(Dataset entries)
━━━━━━━━
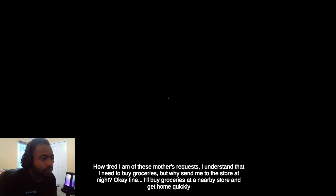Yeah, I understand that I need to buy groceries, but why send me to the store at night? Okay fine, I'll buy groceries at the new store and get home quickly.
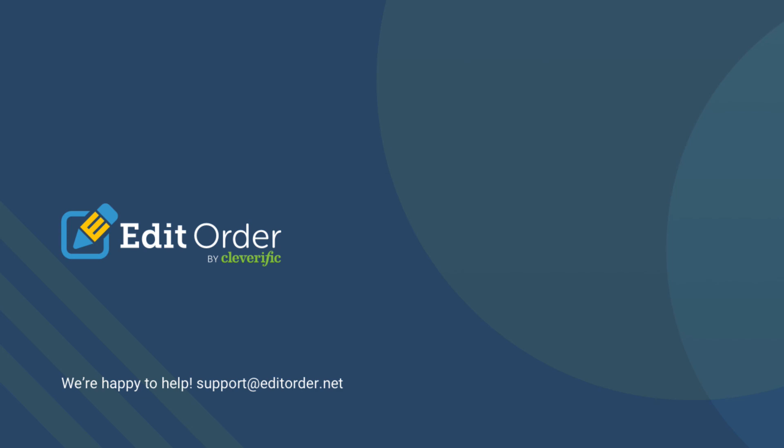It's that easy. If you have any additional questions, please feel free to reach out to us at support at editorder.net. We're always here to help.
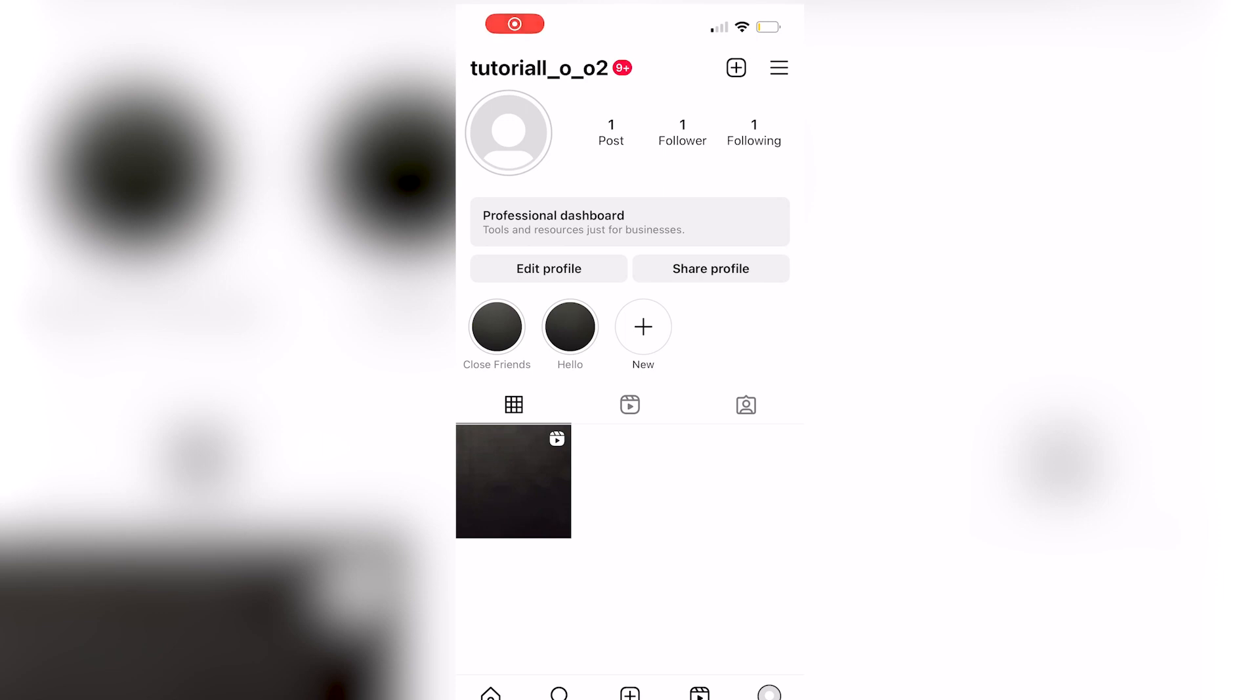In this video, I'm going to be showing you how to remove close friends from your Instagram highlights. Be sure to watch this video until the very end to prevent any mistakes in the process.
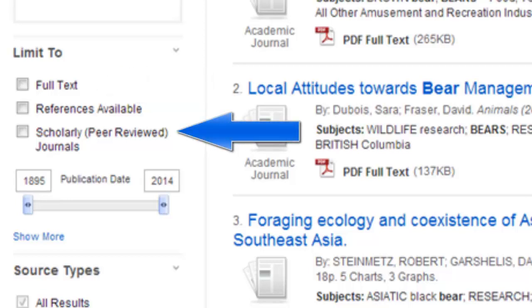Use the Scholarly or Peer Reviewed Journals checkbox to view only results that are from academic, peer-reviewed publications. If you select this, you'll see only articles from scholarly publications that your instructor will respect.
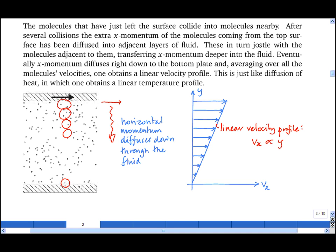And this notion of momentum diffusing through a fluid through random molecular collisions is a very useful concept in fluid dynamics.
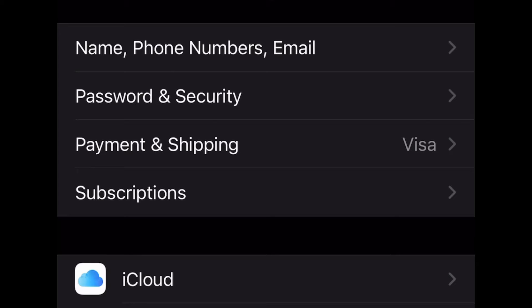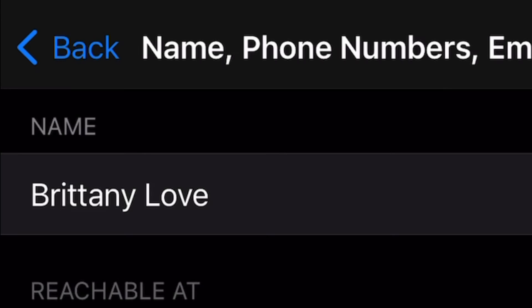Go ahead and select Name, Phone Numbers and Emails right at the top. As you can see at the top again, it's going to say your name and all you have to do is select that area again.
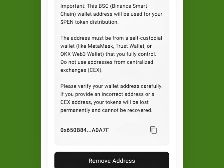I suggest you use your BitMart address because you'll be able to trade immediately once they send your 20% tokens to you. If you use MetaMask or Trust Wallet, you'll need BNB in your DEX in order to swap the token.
━━━━━━━━
**INSTRUCTIONS TO FOLLOW:** Only one thing is wanted here, an exact copy of the lines from the first line above through the line containing "Use the Scholarly", minus any picture.

**RESULT:**
Yeah, I understand that I need to buy groceries, but why send me to the store at night? Okay fine, I'll buy groceries at the new store and get home quickly.
It's that easy. If you have any additional questions, please feel free to reach out to us at support at editorder.net. We're always here to help.
In this video, I'm going to be showing you how to remove close friends from your Instagram highlights. Be sure to watch this video until the very end to prevent any mistakes in the process.
Use the Scholarly or Peer Reviewed Journals checkbox to view only results that are from academic, peer-reviewed publications. If you select this, you'll see only articles from scholarly publications that your instructor will respect.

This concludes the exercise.